Vio la mirada de desprecio en el rostro de Grangier.
– ¿Cuál…, cuál es el problema? -preguntó Zuckerman.
– El problema -replicó el jefe con voz glacial-, es que acabo de recibir una llamada de uno de mis muchachos de París, que le ha falsificado el pasaporte a tu baronesa. Se llama Tracy Whitney y es norteamericana.
Zuckerman tuvo un escalofrío.
– ¡Parecía realmente interesada!
– ¡Idiota! ¡Es tan estafadora como tú!
– Entonces, ¿por qué aceptó? ¿Por qué simplemente no me dijo que no?

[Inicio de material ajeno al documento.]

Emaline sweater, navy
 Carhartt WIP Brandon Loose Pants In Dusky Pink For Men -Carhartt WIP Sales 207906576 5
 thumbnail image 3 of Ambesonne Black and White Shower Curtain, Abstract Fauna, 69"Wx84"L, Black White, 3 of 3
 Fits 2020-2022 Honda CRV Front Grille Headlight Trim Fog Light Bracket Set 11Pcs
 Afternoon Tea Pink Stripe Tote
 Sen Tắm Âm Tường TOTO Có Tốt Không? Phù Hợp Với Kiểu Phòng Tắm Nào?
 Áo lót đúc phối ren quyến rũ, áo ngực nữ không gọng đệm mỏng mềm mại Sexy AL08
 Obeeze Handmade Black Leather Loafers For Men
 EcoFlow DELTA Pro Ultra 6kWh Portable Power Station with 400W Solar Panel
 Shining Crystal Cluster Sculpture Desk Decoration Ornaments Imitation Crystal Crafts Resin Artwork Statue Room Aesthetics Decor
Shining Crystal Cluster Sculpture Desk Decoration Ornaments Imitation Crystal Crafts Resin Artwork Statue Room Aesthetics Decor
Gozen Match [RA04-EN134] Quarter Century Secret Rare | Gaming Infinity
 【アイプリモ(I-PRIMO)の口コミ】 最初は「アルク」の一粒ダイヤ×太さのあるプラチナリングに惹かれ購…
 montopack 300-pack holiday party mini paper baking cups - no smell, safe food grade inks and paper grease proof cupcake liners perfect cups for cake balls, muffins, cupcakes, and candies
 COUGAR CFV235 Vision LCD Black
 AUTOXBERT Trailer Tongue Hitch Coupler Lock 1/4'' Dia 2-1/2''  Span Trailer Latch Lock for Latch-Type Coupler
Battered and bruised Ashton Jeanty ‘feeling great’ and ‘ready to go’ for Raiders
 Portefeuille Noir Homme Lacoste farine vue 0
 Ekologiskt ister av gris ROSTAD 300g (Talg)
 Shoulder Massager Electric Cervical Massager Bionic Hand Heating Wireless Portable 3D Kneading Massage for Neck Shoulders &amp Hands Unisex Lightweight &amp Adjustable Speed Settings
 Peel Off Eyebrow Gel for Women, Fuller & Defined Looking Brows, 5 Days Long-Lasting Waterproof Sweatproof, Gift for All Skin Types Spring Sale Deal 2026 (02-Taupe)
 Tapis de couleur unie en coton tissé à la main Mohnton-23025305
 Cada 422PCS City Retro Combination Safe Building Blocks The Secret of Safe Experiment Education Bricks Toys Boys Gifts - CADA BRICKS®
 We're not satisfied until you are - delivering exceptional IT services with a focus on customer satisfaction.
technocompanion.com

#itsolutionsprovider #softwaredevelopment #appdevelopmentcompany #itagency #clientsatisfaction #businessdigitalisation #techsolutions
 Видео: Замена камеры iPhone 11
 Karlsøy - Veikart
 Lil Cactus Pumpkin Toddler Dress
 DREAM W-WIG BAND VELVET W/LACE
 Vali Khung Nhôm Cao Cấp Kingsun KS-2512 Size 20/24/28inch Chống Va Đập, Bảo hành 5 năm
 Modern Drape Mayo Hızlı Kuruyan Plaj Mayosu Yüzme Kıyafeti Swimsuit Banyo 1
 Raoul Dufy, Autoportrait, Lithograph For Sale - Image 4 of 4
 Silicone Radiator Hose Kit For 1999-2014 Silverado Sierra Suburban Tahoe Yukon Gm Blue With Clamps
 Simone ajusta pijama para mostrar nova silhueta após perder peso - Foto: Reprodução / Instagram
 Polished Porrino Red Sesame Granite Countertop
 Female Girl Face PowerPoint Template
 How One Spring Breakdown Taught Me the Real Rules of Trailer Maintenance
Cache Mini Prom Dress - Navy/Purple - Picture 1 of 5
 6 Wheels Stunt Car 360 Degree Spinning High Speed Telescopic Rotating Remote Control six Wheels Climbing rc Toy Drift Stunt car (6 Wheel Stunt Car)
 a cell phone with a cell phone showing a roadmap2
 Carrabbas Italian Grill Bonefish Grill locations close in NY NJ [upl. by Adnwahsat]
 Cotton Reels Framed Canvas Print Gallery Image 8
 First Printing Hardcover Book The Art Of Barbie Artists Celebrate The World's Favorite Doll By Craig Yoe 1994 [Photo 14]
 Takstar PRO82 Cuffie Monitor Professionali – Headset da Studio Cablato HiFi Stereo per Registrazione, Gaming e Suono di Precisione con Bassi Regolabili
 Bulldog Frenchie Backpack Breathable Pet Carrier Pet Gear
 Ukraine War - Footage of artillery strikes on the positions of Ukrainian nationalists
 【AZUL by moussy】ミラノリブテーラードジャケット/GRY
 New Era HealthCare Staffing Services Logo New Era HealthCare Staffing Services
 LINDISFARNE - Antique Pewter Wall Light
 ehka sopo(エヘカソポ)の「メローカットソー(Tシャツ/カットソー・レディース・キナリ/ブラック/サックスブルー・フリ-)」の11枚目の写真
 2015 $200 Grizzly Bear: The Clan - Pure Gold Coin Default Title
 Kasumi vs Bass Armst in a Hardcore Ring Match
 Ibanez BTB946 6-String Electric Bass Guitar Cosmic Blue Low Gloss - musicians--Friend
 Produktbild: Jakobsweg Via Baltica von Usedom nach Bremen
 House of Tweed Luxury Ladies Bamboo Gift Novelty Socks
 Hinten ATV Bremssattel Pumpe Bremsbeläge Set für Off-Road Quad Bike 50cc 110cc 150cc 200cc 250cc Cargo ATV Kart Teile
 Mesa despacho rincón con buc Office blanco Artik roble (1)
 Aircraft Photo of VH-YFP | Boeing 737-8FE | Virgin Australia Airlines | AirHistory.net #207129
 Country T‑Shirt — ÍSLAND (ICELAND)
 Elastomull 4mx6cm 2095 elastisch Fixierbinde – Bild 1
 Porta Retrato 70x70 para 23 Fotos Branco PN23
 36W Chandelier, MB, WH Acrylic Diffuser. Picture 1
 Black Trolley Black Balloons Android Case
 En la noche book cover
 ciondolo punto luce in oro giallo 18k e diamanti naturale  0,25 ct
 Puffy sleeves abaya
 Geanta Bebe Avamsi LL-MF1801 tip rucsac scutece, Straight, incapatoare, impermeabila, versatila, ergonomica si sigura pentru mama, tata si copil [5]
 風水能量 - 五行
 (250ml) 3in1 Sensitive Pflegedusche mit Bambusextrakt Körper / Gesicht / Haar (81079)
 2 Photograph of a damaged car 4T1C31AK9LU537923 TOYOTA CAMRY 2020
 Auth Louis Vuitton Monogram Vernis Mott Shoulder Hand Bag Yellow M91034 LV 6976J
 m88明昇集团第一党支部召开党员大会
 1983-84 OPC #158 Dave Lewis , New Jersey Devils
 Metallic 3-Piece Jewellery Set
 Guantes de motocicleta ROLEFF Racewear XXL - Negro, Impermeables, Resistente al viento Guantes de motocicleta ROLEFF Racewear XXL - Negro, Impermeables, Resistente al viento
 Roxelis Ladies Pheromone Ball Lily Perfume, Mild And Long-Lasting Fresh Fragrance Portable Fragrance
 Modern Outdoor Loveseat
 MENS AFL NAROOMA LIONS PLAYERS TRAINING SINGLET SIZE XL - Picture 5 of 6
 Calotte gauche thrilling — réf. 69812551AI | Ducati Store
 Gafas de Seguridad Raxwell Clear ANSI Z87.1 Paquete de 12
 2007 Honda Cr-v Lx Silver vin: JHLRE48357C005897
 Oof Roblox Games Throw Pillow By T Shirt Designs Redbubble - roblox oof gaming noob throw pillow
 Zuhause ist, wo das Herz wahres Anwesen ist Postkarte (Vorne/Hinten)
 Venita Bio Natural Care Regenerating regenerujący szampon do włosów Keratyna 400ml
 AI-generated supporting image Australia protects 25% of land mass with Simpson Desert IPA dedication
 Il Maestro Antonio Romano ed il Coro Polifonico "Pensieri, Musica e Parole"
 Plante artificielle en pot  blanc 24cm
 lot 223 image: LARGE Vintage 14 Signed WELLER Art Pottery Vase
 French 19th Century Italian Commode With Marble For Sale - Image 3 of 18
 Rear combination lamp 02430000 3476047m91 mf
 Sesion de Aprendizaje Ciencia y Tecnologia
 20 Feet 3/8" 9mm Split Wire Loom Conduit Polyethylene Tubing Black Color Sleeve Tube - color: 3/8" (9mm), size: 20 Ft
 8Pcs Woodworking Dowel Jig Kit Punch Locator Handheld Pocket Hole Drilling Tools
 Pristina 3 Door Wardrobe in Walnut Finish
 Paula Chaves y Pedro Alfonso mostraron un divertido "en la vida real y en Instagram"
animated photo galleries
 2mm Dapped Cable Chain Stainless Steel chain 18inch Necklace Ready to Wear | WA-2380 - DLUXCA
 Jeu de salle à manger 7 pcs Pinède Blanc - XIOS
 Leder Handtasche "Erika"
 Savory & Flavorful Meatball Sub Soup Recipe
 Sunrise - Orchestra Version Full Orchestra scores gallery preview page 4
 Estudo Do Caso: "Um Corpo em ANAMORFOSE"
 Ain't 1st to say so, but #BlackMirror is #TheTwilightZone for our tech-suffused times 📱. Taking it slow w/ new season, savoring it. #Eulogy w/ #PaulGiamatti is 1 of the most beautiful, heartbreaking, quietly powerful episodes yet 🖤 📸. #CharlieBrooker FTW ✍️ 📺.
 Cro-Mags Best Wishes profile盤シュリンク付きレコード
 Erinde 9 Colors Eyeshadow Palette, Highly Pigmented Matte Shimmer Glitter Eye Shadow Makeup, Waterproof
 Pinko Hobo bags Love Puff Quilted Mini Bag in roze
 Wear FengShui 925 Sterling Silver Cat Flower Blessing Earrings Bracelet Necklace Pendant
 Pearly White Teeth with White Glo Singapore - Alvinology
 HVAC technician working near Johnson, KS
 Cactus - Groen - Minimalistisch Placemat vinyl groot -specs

– No lo sé, profesor, pero mi intención es averiguarlo. Y cuando lo sepa, mandaré a esta dama a refrescarse en las aguas de la bahía. Nadie se burla de Armand Grangier. Ahora toma el teléfono y avísale que un amigo tuyo ha ofrecido poner la mitad del dinero. Iré yo mismo a verla. ¿Te crees capaz de hacerlo?
– Por supuesto que sí. No te preocupes.
– Claro que me preocupo -articuló Grangier, con voz melodiosa-. Me preocupo mucho por ti, profesor.
A Armand Grangier no le gustaban los misterios. El ardid del tesoro hundido venía practicándose desde hacía siglos, pero las víctimas tenían que ser incautas. Un estafador profesional jamás podría dejarse seducir por esa historia. Ése era el misterio que lo inquietaba y que pretendía resolver. Cuando tuviera la respuesta, entregaría a esa mujer a Bruno Vicente, su guardaespaldas preferido.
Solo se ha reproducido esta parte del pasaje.